Beside hortatory and analytical essays, social and political satire became a major literary genre. The most accomplished satirist was Dehḵodā, whose column “Čarand parand” in Ṣūr-e Esrāfīl was among the most widely read of the time. He adopted colloquial language and storytelling techniques and thus helped to lay the foundations upon which modern Persian prose literature developed (Āryanpūr, II, pp. 98-105; Kamshad, pp. 37-40).
Another literary genre introduced in this period was the historical novel, the first published by M.-B. Ḵosravī in 1327/1909. These works provided a means of escape from a sense of national impotence in the face of foreign intervention and were aimed at restoring Persian self-confidence through the renewal of ancient splendor. The protagonists of most were powerful national heroes, especially those of the pre-Islamic past.
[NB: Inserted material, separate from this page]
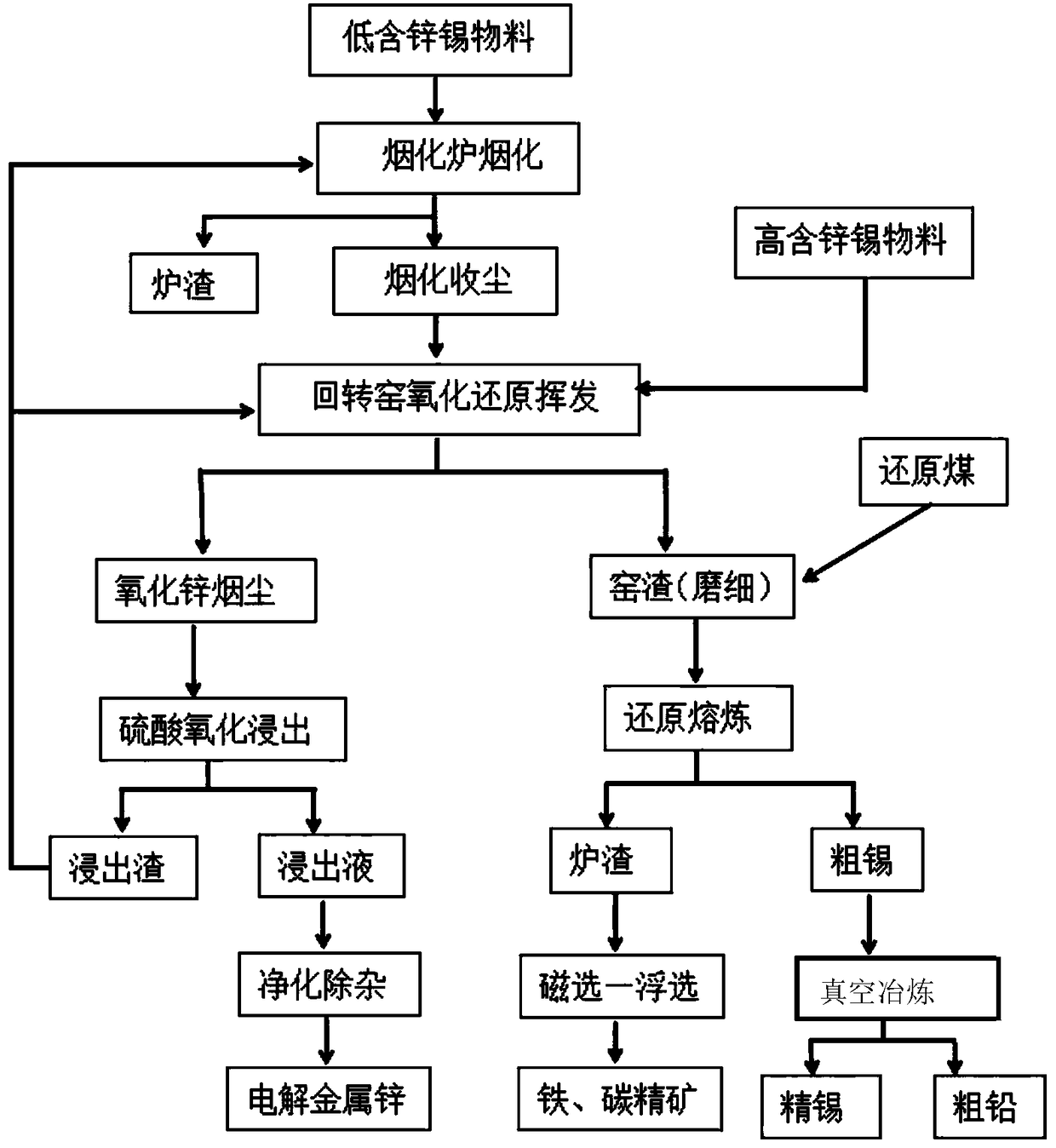 Method for recycling valuable metals from zinc-containing tin materials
Examples include Ešg wa salṭanat (Love and sovereignty), on the conquests of Cyrus the Great, published by Mūsā Naṯrī in 1337/1919; Dāstān-e bāstān (A story of ancient times), on the rise of the Achaemenids and the love story of Bīžan and Manīža, published by Mīrzā Ḥasan Khan Badīʿ in 1338/1920; and Dāmgostarān yā enteqām-ḵᵛāhān-e Mazdak (Trap setters, or The avengers of Mazdak), on the reasons for the fall of the Sasanians and the Arab conquest, published by Ṣaṇʿatīzāda Kermānī in 1339/1921. These novels differed in historical accuracy, style, and literary value but formed an important link in the development in Persia of the novel in the European sense (Āryanpūr, II, pp. 238-58; Kamshad, pp. 41-53; Nikitine, pp. 297-336).
Theater groups had begun to present plays in Persia on the eve of the Constitutional Revolution, but dramatic writing during most of the period under discussion was limited mainly to translations or adaptations of foreign plays.
Postconstitutional period. Toward the end of this period Aḥmad Maḥmūdī and Ḥasan Moqaddam (ʿAlī Nowrūz) began to write original plays of literary or dramatic value (Āryanpūr, I, pp. 342-66, II, pp. 288-315). Prose writers in general were less inhibited in introducing new forms and modes of expression than the poets, because Persian classical prose had never enjoyed the high esteem of poetry. Whereas poets frequently stumbled over classical obstacles on the way to a modern poetics, prose writers followed a smoother path in a parallel direction. The thematic, stylistic, and formal modifications introduced gradually over several decades crystallized in the first collection of modern Persian short stories, published by Moḥammad-ʿAlī Jamālzāda in 1300 Š./1921, with an introductory literary manifesto. It marked the beginning of the modern phase of Persian prose literature (Kamshad, pp. 90-113).